Performance: Using arrays instead of tiny maps in Go
I wrote about performance characteristics of maps vs. slices/arrays a while ago and I stumbled upon this again today, so I figured I’d describe the issue at hand with a bit more context.
I have some text data and I want to infer for each datapoint, if it’s an integer, a float etc. My data types look something like this:
type Dtype uint8
const (
DtypeInvalid Dtype = iota
DtypeNull
DtypeString
DtypeInt
DtypeFloat
DtypeBool
// thanks to DtypeMax, I can add new types here without worrying about anything
DtypeMax
)
Notice the DtypeMax
, that’s the key to our success here. But first let’s generate some data
data := make([]Dtype, n)
for j := 0; j < n; j++ {
data[j] = Dtype(rand.Intn(int(DtypeMax)))
}
An intuitive way to count the occurence of each type would be to do something like this:
tgmap := make(map[Dtype]int)
for _, el := range data {
// work to determine type
tgmap[el]++
}
This implementation worked just fine for months, but earlier today, I was wondering if the work that goes into populating the map isn’t significant after all. I leveraged two factors in my rewrite:
- I know how many types I have, so I can create an array - no manual allocation (unlike slices or maps), size known at compile time.
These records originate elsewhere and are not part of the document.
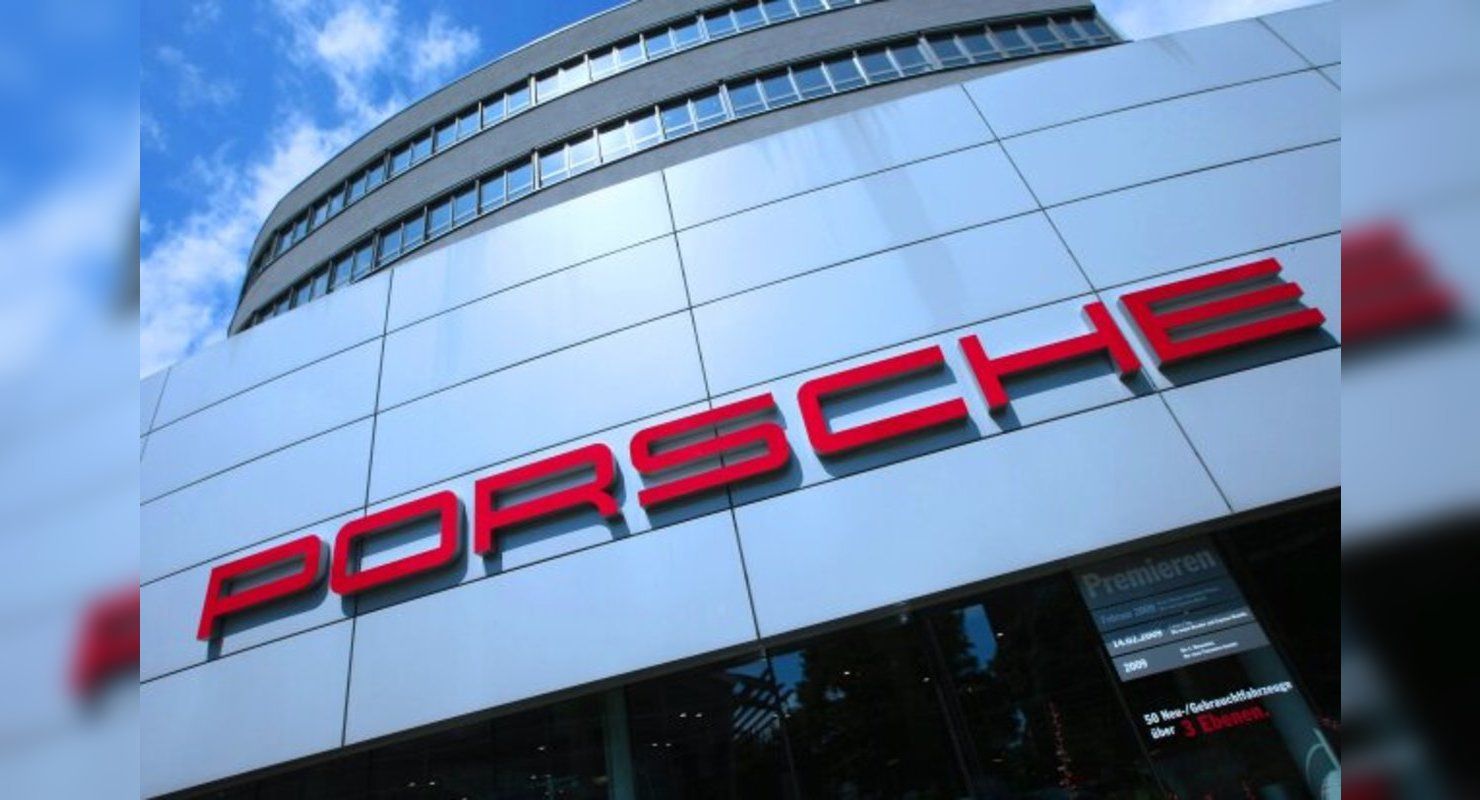 Porsche собирается инвестировать 900 млн евро в год в цифровизацию автомобилей Автомобили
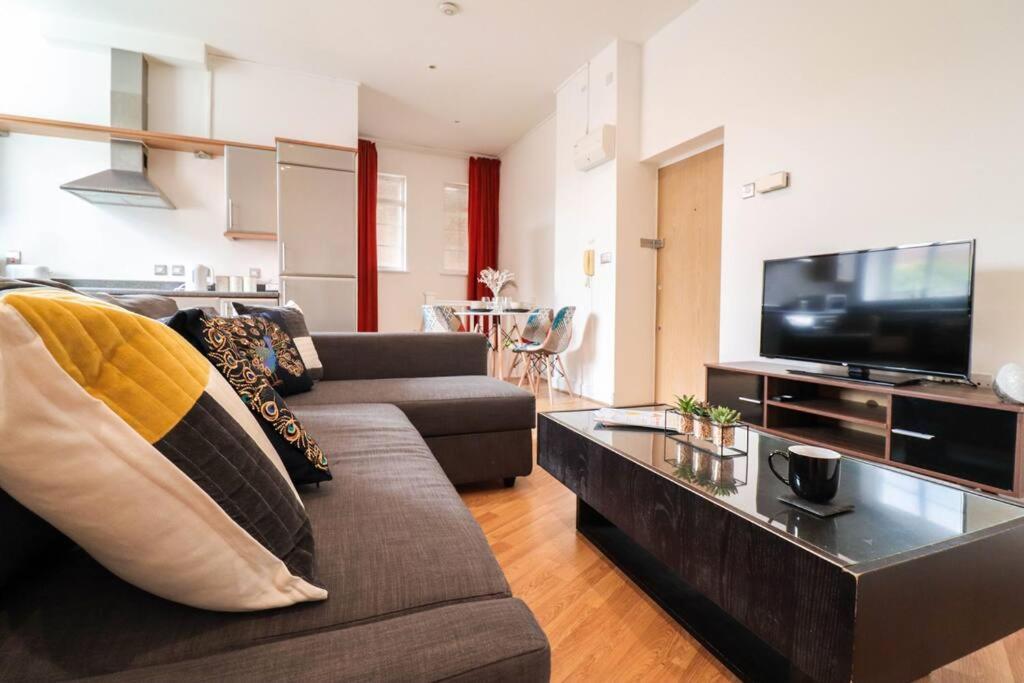 Camber Hill - Long Stay Offer Лондон Екстер'єр фото
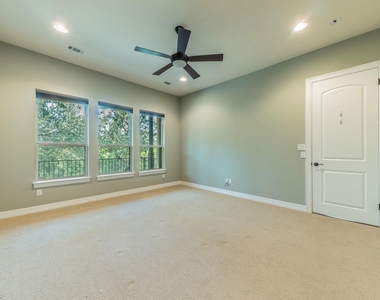826 San Remo Blvd - Photo Thumbnail 9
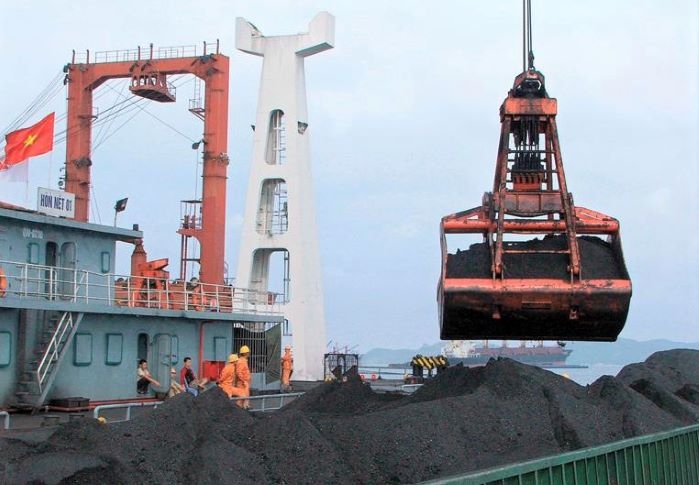 Dự kiến lượng than nhập khẩu trong năm 2020 có thể lên tới 62 triệu tấn, trong khi kế hoạch ban đầu tối đa chỉ là 39,4 triệu tấn.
- The type constants are numeric, so I can use them as indexes into this array - much cheaper than hash lookups.
var tgarr [DtypeMax]int
for _, el := range data {
// work to determine type
tgarr[el]++
}
How did it go? I ran each with a million entries ten times. I didn’t use Go’s testing package, because I wanted to play around in main()
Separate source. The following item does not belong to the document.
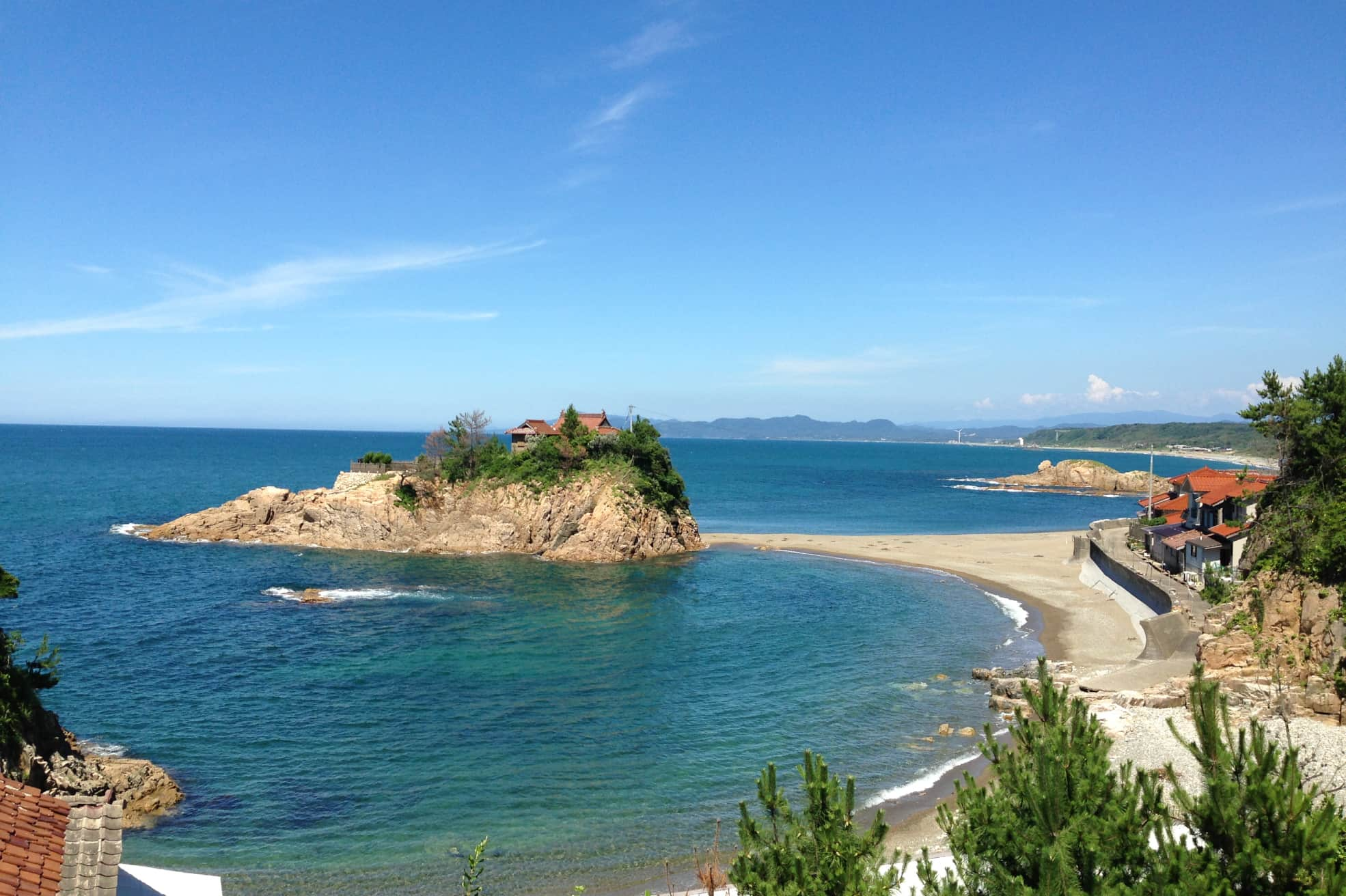 島根県益田市の沖合に浮かぶ『衣毘須神社』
, it’s usually enough for small tests with big differences in performance (I don’t need statistical tests here, otherwise I’d use testing
and benchstat
).
took 31.441122ms to populate a map
took 29.453898ms to populate a map
took 29.518603ms to populate a map
took 29.254208ms to populate a map
took 31.35607ms to populate a map
took 28.851067ms to populate a map
took 29.209222ms to populate a map
took 29.355206ms to populate a map
took 29.451898ms to populate a map
took 30.235153ms to populate a map
took 521.01µs to populate an array
took 512.882µs to populate an array
took 516.915µs to populate an array
took 517.194µs to populate an array
took 541.786µs to populate an array
took 534.958µs to populate an array
took 525.162µs to populate an array
took 597.569µs to populate an array
took 534.92µs to populate an array
took 532.322µs to populate an array
So without any work involved in the tight loop, I get a 60x speedup. Obviously this won’t give you a 60x end-to-end speedup, but depending on how expensive your loop iteration is, this may be significant (it gave me 10-20%, which is nice).
Takeaway: if you have a map with few entries, known domain, and constrained range (i.e. max-min is reasonable), it may be very efficient to use a slice or an array instead, as it has much cheaper read/write.
The whole code is here:
package main
import (
"fmt"
"log"
"math/rand"
"time"
)
func main() {
if err := run(); err != nil {
log.Fatal(err)
}
}
type Dtype uint8
const (
DtypeInvalid Dtype = iota
DtypeNull
DtypeString
DtypeInt
DtypeFloat
DtypeBool
DtypeMax
)
func run() error {
work := func() {
time.Sleep(time.Nanosecond * 100)
}
_ = work
n := 1000_000
loops := 10
data := make([]Dtype, n)
for j := 0; j < n; j++ {
data[j] = Dtype(rand.Intn(int(DtypeMax)))
}
for l := 0; l < loops; l++ {
tgmap := make(map[Dtype]int)
t := time.Now()
for _, el := range data {
// work()
tgmap[el]++
}
fmt.Printf("took %v to populate a map\n", time.Since(t))
}
for l := 0; l < loops; l++ {
var tgarr [DtypeMax]int
t := time.Now()
for _, el := range data {
// work()
tgarr[el]++
}
fmt.Printf("took %v to populate an array\n", time.Since(t))
}
return nil
}